Dépités et affectés par les baisses de taux successives, les épargnants sont (désespérément) en quête de rendements plus attractifs. Mais en existe-t-il? Trois banques ont fait une proposition en s’employant à respecter l’équilibre entre sécurité et risque.
On peut s’étonner des montants records actuellement parqués sur les comptes d’épargne, mais pour de nombreux épargnants, il n’existe tout simplement pas d’alternative, car ils ne savent que faire de leurs économies. La rémunération d’un compte d’épargne ne dépasse plus 2,2%, et encore! Pour les obtenir, il faut se tourner vers les banques de "niche". Les rendements des autres produits à taux fixe, comme les bons de caisse, les comptes à terme et les assurances-épargne (Branche 21), sont tout aussi misérables. Les épargnants belges se retrouvent donc avec de gros montants sur leurs comptes d’épargne, en attendant des jours meilleurs.
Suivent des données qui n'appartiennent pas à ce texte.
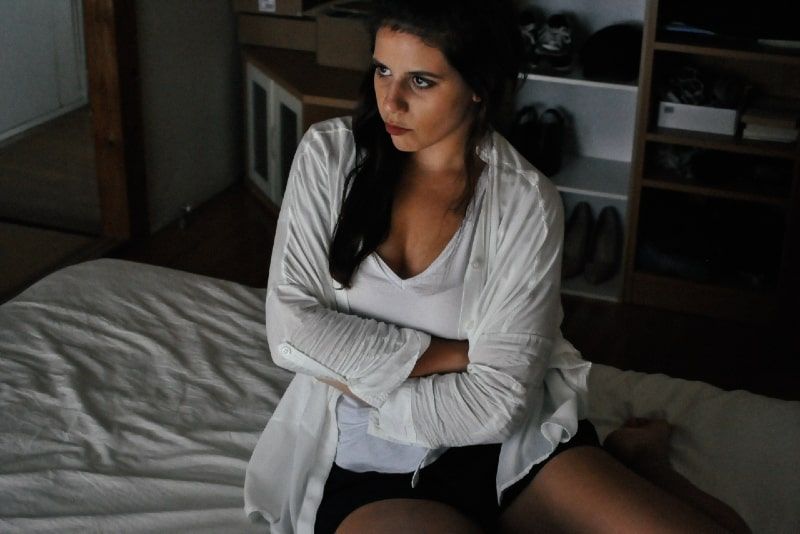 Wütende Frau in weißer Strickjacke sitzt auf dem Bett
Peu à peu, certains épargnants acceptent toutefois de prendre davantage de risques pour améliorer le rendement de leurs économies. La forte hausse du Bel20 depuis le début de l’année (+ 14%) a de quoi faire des jaloux. Au premier semestre, la plupart des assureurs ont d’ailleurs constaté une baisse des ventes des produits d’assurance-épar-gne, tandis que les ventes d’assurances-investissements (Branche 23) atteignaient des sommets. Contrairement à un compte d’épargne classique, ces produits ne garantissent aucun rendement. Tout dépend du portefeuille d’investissements sous-jacent. De leur côté, les banques ont constaté un regain d’intérêt pour les fonds d’investissement. "Le rendement potentiel est pourtant le dernier facteur dont il faut tenir compte en matière d’épargne. Il n’est pas du tout pertinent. Les épargnants basent trop souvent leurs décisions sur les informations qui font la une des journaux, plutôt que sur leurs propres attentes, leurs objectifs et de leur profil de risque", explique Luc Aben, économiste en chef de la banque privée néerlandaise Van Lanschot.
Nous avons donc demandé à trois banques de composer un portefeuille pour un épargnant fictif — que nous appellerons Jean — au profil très précis (voir encadré). Indépendamment du capital dont il dispose, son profil est semblable à celui de nombreux épargnants. Ils pourront donc facilement s’identifier à son cas. Jean a suffisamment d’argent sur un compte d’épargne pour faire face à des dépenses imprévues. Il a aussi un capital qu’il peut faire fructifier pendant au moins dix ans, et pour lequel il souhaiterait obtenir un rendement supérieur à celui de son compte d’épargne. Jean n’est pas totalement allergique au risque, mais il privilégie malgré tout un portefeuille où sécurité et risque sont équilibrés. Et son profil laisse peu de place à la fantaisie, Jean sait aussi que "le portefeuille standard", ça n’existe pas. Chaque banque a sa propre vision et peut donc proposer un portefeuille très différent de celui de la concurrence.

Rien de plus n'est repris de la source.